Em agosto deste ano, submeti o relatório final da minha última pesquisa no âmbito da iniciação científica, cujo título era “A literatura fora de si e a expansão dos campos das práticas artísticas contemporâneas”. Um dos investimentos teóricos da pesquisa consistia em refletir sobre a expansão das artes para estudar como a literatura está cada vez mais infiltrando-se em outros campos, inserindo em meio ao texto elementos “estranhos”, tornando possível identificar o que poderíamos chamar de uma “saída da literatura”. Para isso, selecionei a obra Os amantes, de Amitava Kumar, na tentativa de analisar como as fotos documentais estão presentes no enredo (auto)ficcional. Em outras palavras: se ainda estão inseridas no discurso da documentação ou se transcendem a noção da foto como ferramenta de confirmação do relato.
Desde então, tenho pensado em realizar uma pós-graduação no programa de Literatura e Cultura da Universidade Federal da Bahia a fim de expandir minhas reflexões sobre a relação entre narrativa e imagem fotográfica nas produções do presente, em especial, nas obras L’usage de la photo (O uso da fotografia), co-escrito com o fotógrafo e ex-companheiro da autora Marc Marie, e Os anos da ganhadora do Nobel de Literatura em 2022, Annie Ernaux.

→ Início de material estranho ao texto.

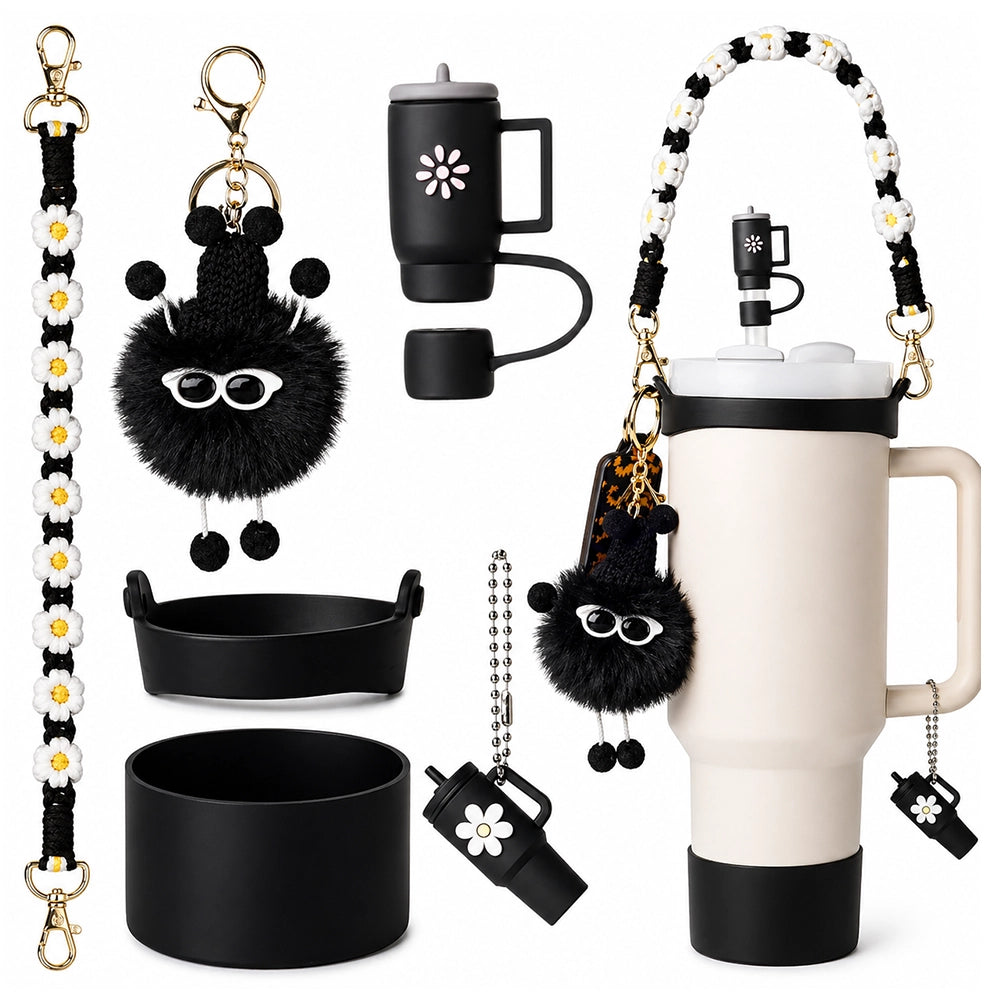 accessoires de gourde mignon avec couvre paille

Em Depois da fotografia: uma literatura fora de si, Natalia Brizuela busca pensar o cruzamento entre a prática literária e as outras artes, como a imagem fotográfica. A autora aponta para o esfacelamento das fronteiras entre as diferentes linguagens e como os limites entre elas estão cada vez mais porosos, caracterizando-se como “um espaço e momento sempre de contágio”. A partir de análise de obras de autores latino-americanos como, por exemplo, Mario Bellatin, Nuno Ramos e Juan Rulfo, a crítica argentina analisa “alguns deslocamentos e metamorfoses nessa atividade da arte que chamamos literatura” e como a fotografia aparece em meio à escrita.
Segundo a autora, o cruzamento entre as linguagens pode acontecer por meio da inclusão de fotos em obras literárias ou como paradigma de uma nova sintaxe e de uma nova literatura utilizando certas características do dispositivo fotográfico – como a indexicalidade, o corte, o ponto de vista, o pôr em cena, a dupla temporalidade (passado-presente/o que foi – o agora), o caráter documental, sua função mnemônica, o ser uma mensagem sem código.

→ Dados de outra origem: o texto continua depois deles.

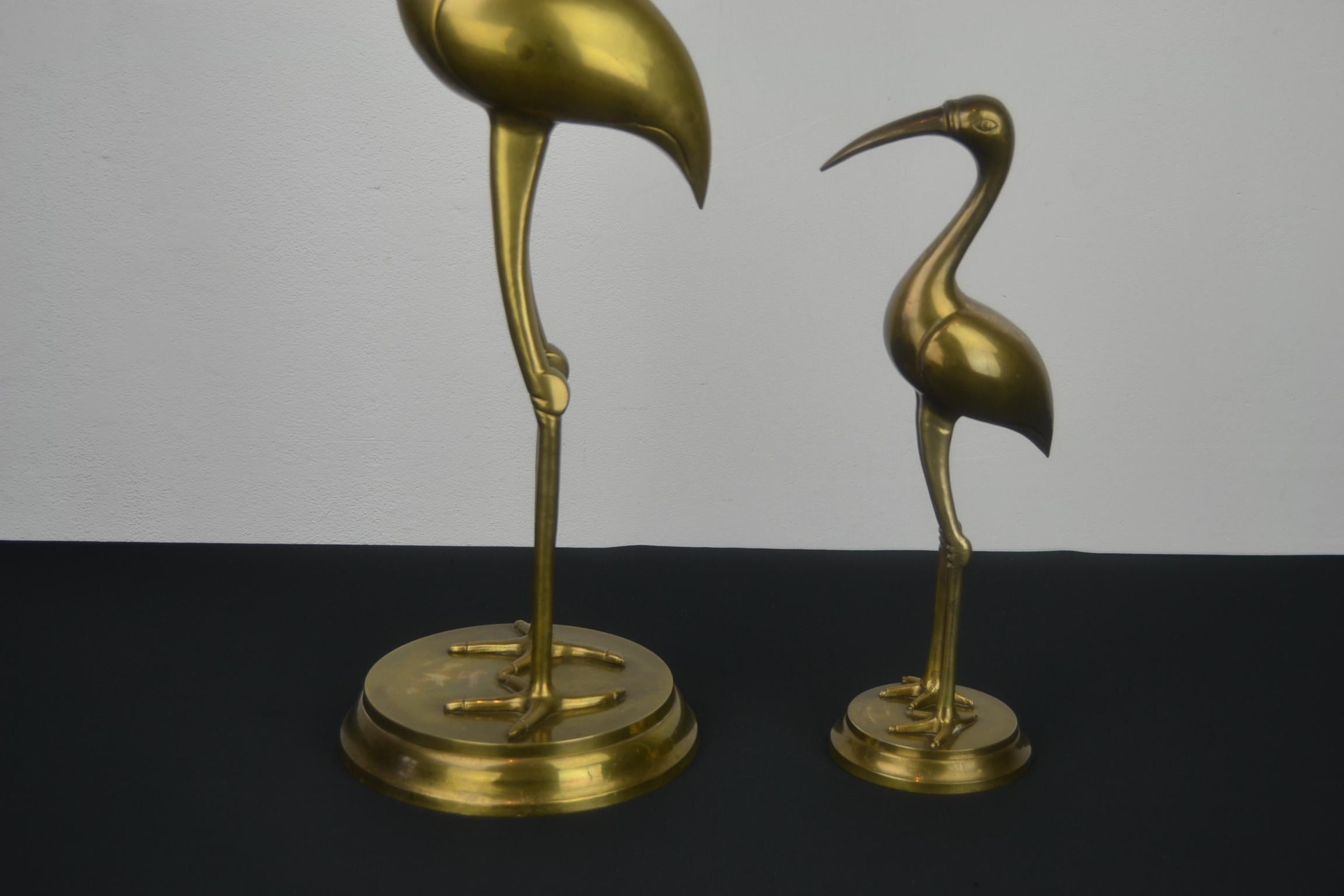 Pair of Large Crane Bird Sculptures, 1960s 6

Em L’usage de la photo, um projeto íntimo do casal que consistia em fotografar objetos e escrever depois de fazer amor, as diversas imagens da vida cotidiana são reproduzidas em meio à narrativa e parecem manter um diálogo com o texto. Já em Os anos, tendo como norte fotos e memórias deixadas por acontecimentos, a autora evoca o período pós-guerra até os anos 2000, na tentativa de reconstruir os valores e contradições de sua vida, de sua família e de sua sociedade. Aí, o enredo, a sintaxe e a forma parecem guiar-se pelas fotos, ainda que nenhuma imagem esteja materialmente no livro.
É pensando nessas questões que eu gostaria de estudar a relação entre foto e texto na produção de Annie Ernaux. Mas também em como o uso da imagem visual como suporte ou ponto de ancoragem da história parece corresponder ao desenvolvimento de um projeto estético bastante singular por parte da autora, o qual se baseia na recusa da ficção e na tentativa de desenvolver uma “autosociobiografia”.